──────── TASK DATA ────────

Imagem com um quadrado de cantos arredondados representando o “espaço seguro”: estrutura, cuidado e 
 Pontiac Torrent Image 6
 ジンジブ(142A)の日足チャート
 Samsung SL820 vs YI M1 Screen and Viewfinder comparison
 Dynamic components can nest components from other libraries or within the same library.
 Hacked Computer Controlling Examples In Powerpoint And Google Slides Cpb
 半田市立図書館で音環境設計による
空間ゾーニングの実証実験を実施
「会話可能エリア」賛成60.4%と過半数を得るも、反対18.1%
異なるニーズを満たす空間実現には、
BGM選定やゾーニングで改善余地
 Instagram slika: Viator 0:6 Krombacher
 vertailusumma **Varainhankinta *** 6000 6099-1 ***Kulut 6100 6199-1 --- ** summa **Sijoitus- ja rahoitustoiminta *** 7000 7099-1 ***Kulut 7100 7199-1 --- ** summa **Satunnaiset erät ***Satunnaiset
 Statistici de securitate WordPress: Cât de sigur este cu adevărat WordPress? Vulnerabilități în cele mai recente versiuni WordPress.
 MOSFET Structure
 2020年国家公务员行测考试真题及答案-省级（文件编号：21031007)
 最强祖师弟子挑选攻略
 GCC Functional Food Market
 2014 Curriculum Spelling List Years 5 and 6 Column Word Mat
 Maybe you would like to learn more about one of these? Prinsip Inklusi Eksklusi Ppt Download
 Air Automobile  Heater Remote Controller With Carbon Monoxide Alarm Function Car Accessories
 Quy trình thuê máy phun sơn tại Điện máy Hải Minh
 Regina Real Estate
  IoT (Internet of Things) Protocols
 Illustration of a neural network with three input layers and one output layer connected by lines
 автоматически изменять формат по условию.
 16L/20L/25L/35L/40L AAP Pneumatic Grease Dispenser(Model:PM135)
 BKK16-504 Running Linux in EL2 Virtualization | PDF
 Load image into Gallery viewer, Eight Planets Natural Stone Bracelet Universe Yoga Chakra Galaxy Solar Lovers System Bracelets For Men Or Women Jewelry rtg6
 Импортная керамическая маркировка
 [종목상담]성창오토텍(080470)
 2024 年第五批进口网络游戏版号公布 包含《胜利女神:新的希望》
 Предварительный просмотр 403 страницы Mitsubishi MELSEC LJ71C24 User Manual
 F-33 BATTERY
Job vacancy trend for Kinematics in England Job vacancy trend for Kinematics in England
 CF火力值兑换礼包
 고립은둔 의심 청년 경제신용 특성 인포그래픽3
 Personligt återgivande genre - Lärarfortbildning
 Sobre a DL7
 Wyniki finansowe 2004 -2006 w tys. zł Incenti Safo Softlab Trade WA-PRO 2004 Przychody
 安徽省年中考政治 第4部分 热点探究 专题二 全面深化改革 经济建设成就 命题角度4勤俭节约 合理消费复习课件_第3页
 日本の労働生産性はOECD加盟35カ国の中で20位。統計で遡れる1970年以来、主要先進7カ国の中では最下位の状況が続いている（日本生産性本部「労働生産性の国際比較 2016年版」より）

────────

◆ DIRECTIONS FOR THIS TASK ◆
The answer must be the line containing "Sobre a DL7" and every line after it to the end of the data, exactly as written.

◆ SOLUTION FOR THIS EXERCISE ◆
 Sobre a DL7
 Wyniki finansowe 2004 -2006 w tys. zł Incenti Safo Softlab Trade WA-PRO 2004 Przychody
 安徽省年中考政治 第4部分 热点探究 专题二 全面深化改革 经济建设成就 命题角度4勤俭节约 合理消费复习课件_第3页
 日本の労働生産性はOECD加盟35カ国の中で20位。統計で遡れる1970年以来、主要先進7カ国の中では最下位の状況が続いている（日本生産性本部「労働生産性の国際比較 2016年版」より）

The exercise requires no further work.